The attack in the Sunni Arab city 130km north of Baghdad appeared to be part of a campaign by Sunni-led insurgents to discourage Sunnis from joining Iraqi security forces.
A roadside bomb also exploded yesterday near a Polish convoy in Diwaniyah south of Baghdad, wounding three soldiers, the Polish Defense Ministry said.
In other developments from yesterday, according to police:
* A bomb in a parked car exploded, killing two policemen and an Iraqi soldier and wounding four civilians about 50km north of Baquba, police said.

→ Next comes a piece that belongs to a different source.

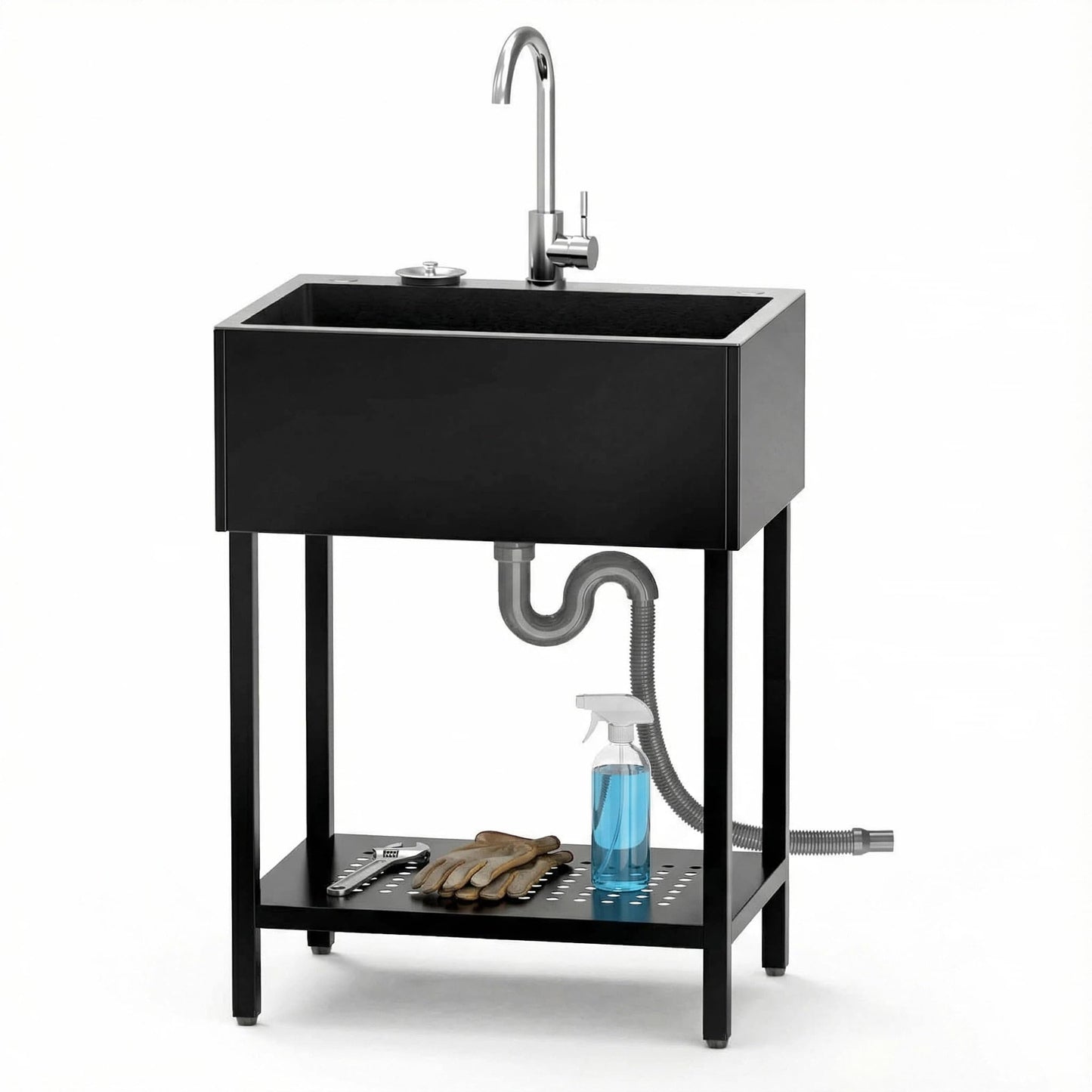 26" Freestanding Stainless Steel Utility Sink w/ Full Accessories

* Suspected insurgents kidnapped seven Iraqis, including three paramilitary policemen, south of Baghdad in an area where a roadside bomb killed three US service members the day before.
* Roadside bombs hit two Iraqi police patrols in Baghdad, killing one officer and wounding two policemen and six civilians.
* Two rockets or mortars were fired in northern Baghdad, one hitting a home and killing two children and wounding a woman.
* Police in Baghdad found the bodies of seven Iraqi men, five of them relatives from Iraq's Sunni Arab minority, who had been kidnapped and brutally killed.
* A roadside bomb in the northern city of Mosul wounded two Iraqi policemen. Police also found the bullet-ridden bodies of a father and son who had been kidnapped earlier in the day.
* Iraqi and US forces searched shops for weapons and imposed a curfew in Rawah, a Sunni city 280km northwest of Baghdad.